Let's work with the deed data for now:

In [2]:
df = spark.read.csv(turbo_path_deed, inferSchema=True, header=True, sep="|")

Let's explore the data a bit. We want to know how many rows and columns there are.

In [3]:
print((df.count(), len(df.columns))) ## print number of rows and columns

(367782480, 97)


Let's get the column names.

In [4]:
df.columns

['FIPS',
 'APN (Parcel Number) (unformatted)',
 'PCL ID IRIS FORMATTED',
 'APN SEQUENCE NUMBER',
 'PENDING RECORD INDICATOR',
 'CORPORATE INDICATOR',
 'OWNER FULL NAME',
 'OWNER 1 LAST NAME',
 'OWNER 1 FIRST NAME & M I',
 'OWNER 2 LAST NAME',
 'OWNER 2 FIRST NAME & MI',
 'OWNER ETAL INDICATOR',
 'C/O NAME',
 'OWNER RELATIONSHIP RIGHTS CODE',
 'OWNER RELATIONSHIP TYPE',
 'PARTIAL INTEREST INDICATOR',
 'ABSENTEE OWNER STATUS',
 'PROPERTY LEVEL LATITUDE',
 'PROPERTY LEVEL LONGITUDE',
 'SITUS HOUSE NUMBER PREFIX',
 'SITUS HOUSE NUMBER',
 'SITUS HOUSE NUMBER SUFFIX',
 'SITUS DIRECTION',
 'SITUS STREET NAME',
 'SITUS MODE',
 'SITUS QUADRANT',
 'SITUS APARTMENT UNIT',
 'SITUS CITY',
 'SITUS STATE',
 'SITUS ZIP CODE',
 'SITUS CARRIER CODE',
 'MAILING HOUSE NUMBER PREFIX',
 'MAILING HOUSE NUMBER',
 'MAILING HOUSE NUMBER SUFFIX',
 'MAILING DIRECTION',
 'MAILING STREET NAME',
 'MAILING MODE',
 'MAILING QUADRANT',
 'MAILING APARTMENT UNIT',
 'MAILING PROPERTY CITY',
 'MAILING PROPERTY STATE',
 'MA

Let's print a select few rows and columns of the dataframe:

In [5]:
df.select('FIPS', 'SITUS CITY', 'SITUS STATE', 'SITUS ZIP CODE').show()

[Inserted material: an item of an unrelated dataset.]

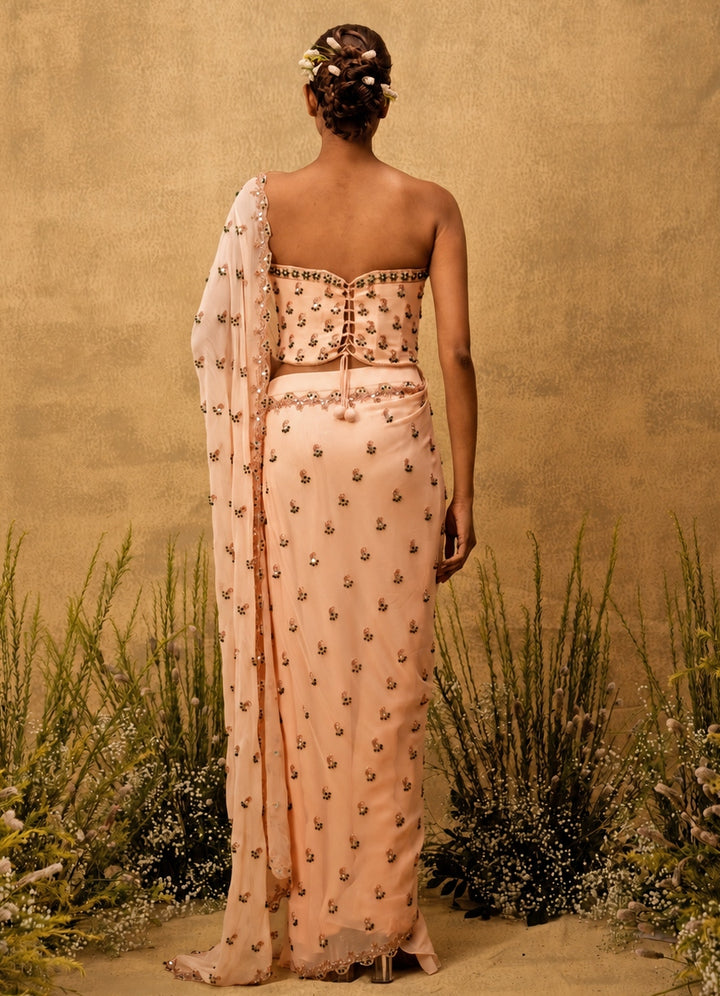 Peach Predraped Georgette Saree With Corset Blouse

+-----+----------+-----------+--------------+
| FIPS|SITUS CITY|SITUS STATE|SITUS ZIP CODE|
+-----+----------+-----------+--------------+
|12099|      null|       null|          null|
|17097|      null|       null|          null|
|97200|      null|       null|          null|
|97200|      null|       null|          null|
|97199|      null|       null|          null|
|97199|      null|       null|          null|
|97199|      null|       null|          null|
|97199|      null|       null|          null|
|97199|      null|       null|          null|
|97199|      null|       null|          null|
|97199|      null|       null|          null|
|97199|      null|       null|          null|
|97199|      null|       null|          null|
|97199|      null|       null|          null|
|97199|      null|       null|          null|
|97199|      null|       null|          null|
|97199|      null|       null|          null|
|97199|      null|       null|          null|
|17097|      null|       null|    

Let's assume we wanted to filter the CoreLogic data only for Wayne county, MI. The FIPS code for Wayne county is '26163' ([source](https://mi.postcodebase.com/county/26163)).

In [6]:
WayneCsubset = df.filter(df.FIPS==26163)

Let's print a few rows and columns of the subset. As you can see, we are only dealing with Wayne county now.

In [7]:
WayneCsubset.select('FIPS', 'SITUS CITY', 'SITUS STATE', 'SITUS ZIP CODE').show()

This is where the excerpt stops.